Les réponses de la justice pénale à la contrebande sur cette route n’ont pas l’effet escompté. Les enquêtes et les poursuites sur les Canaries visent souvent les conducteurs de bateaux, qui naviguent sur le bateau en échange d’un passage gratuit ou à prix réduit. L’année dernière, par exemple, environ 150 conducteurs de bateaux ont été arrêtés et ont fait l’objet d’une enquête pour trafic de migrants et accusations connexes à Gran Canaria, en Espagne. Pourtant, les membres des groupes criminels de la côte nord-ouest africaine qui organisent le trafic de migrants le long de cette route sont rarement ciblés par les activités des forces de l’ordre.

En réponse à la recherche, M. David Martínez Ibort, chef de section, Brigade provinciale pour l’immigration et les frontières, Gran Canaria, Espagne, a déclaré : « De telles recherches sont toujours utiles pour notre travail quotidien de lutte contre le trafic de migrants. Il est beaucoup plus difficile de poursuivre les organisateurs, car ils se trouvent normalement dans un pays tiers plutôt qu’en Espagne. Mais parfois, nous réussissons.
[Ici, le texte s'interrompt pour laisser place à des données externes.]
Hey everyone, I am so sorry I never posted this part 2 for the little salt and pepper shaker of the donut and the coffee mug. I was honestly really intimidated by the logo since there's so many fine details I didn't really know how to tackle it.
Par exemple, deux organisateurs au Maroc sont actuellement poursuivis devant le tribunal de Las Palmas. Un autre point à débattre dans cette recherche concerne les skippers. Il est vrai que certains d’entre eux ne sont pas affiliés ou pleinement engagés dans un réseau criminel, notamment concernant les Africains de l’Ouest, mais ce n’est pas toujours le cas pour les Maghrébins.
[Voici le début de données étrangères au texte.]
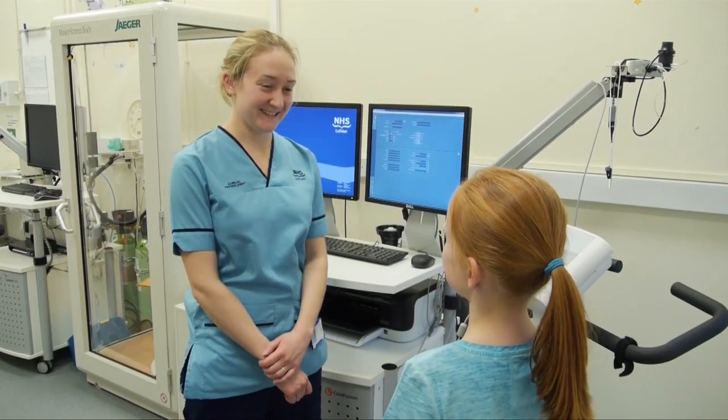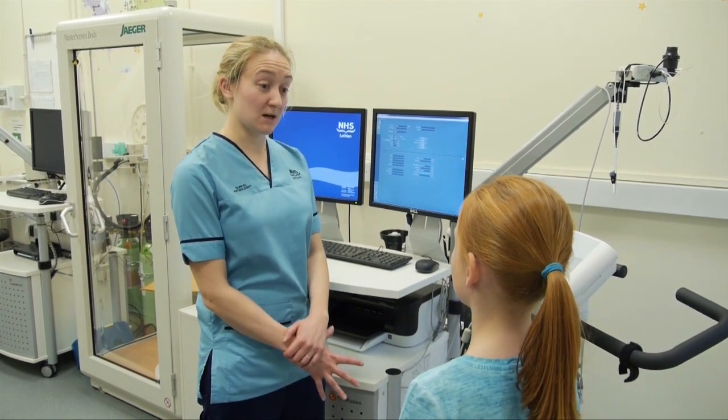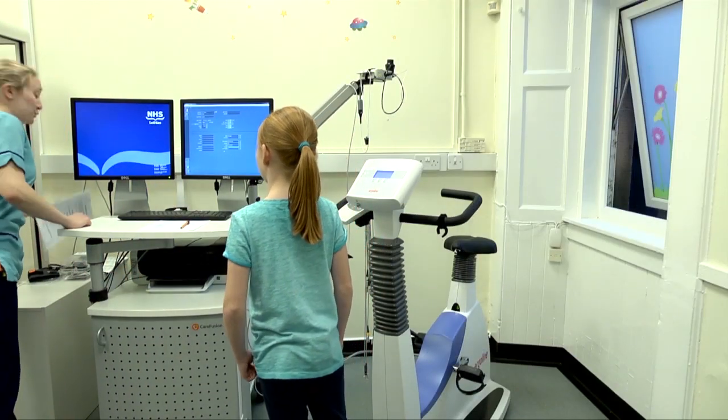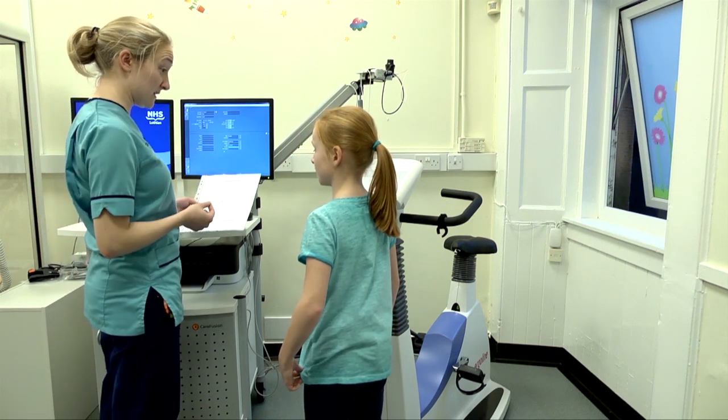Why would I need this test? So this test is going to tell us about how your body works when it works really hard when you're exercising. Now, I have two questions that I'm going to ask you now and I'm going to ask you again at the end of exercise.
Pour éviter d’être interceptés sur le trajet plus court depuis le Maroc et le Sahara occidental, des personnes sont passées en contrebande depuis le Sénégal, la Gambie et la Mauritanie. Les bateaux naviguent vers le sud, en dehors des zones de recherche et de sauvetage et des réseaux de téléphonie mobile, et sont parfois pris dans de forts courants vers la mer des Caraïbes. Le nombre réel de personnes décédées pendant le voyage est probablement plus élevé que les chiffres enregistrés entre 1 176 (selon l’Organisation internationale pour les migrations) et 4 016 (selon l’organisation non gouvernementale Caminando Fronteras)de personnes sont mortes ou portées disparues sur cette route en 2021. De nombreux décès ne sont pas enregistrés en raison des capacités limitées de récupération et d’identification des corps des personnes qui ont perdu la vie au large des côtes nord-ouest africaines et des Canaries, dans les eaux internationales et dans les Caraïbes.
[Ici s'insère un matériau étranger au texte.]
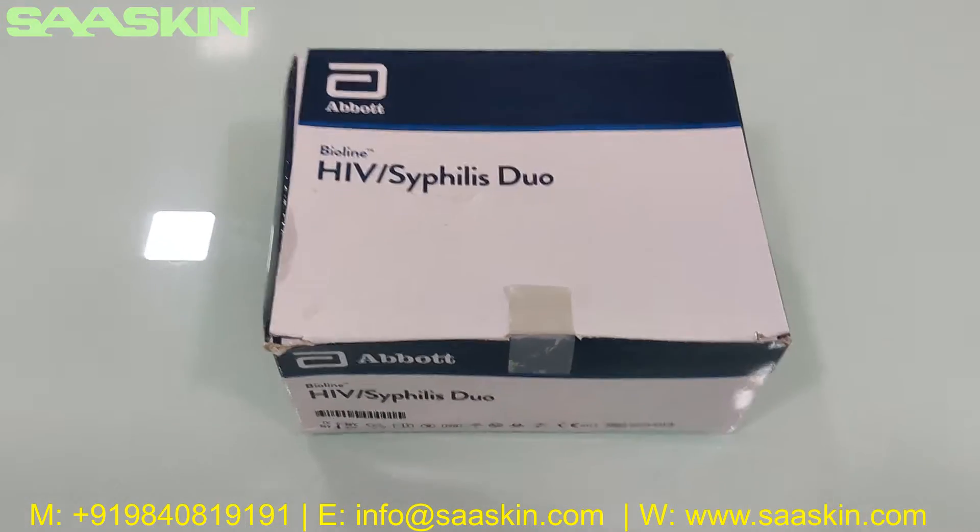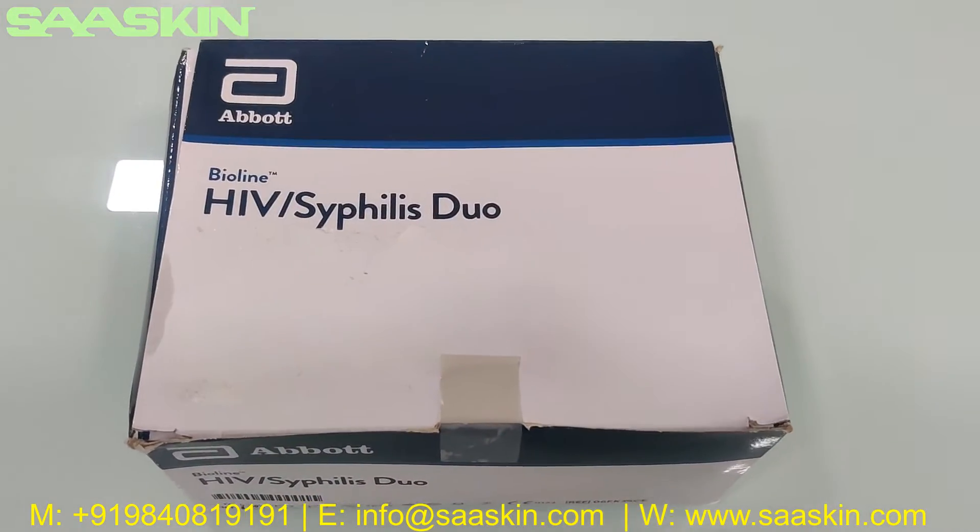Hello everybody, today we are going to see the unboxing of the Abbott Bioline HIV Syphilis Duo Test Kit.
L’ Observatoire de l’ONUDC sur le trafic illicite de migrants met régulièrement à jour son analyse pour fournir des informations en temps réel et permettre une évaluation longitudinale. L’Observatoire lancera de nouvelles recherches le mois prochain, axées sur le trafic de migrants en provenance du Nigeria. L’ONUDC espère que cette recherche sera utilisée pour prévenir et combattre le trafic de migrants, tout en protégeant les droits des personnes victimes de trafic.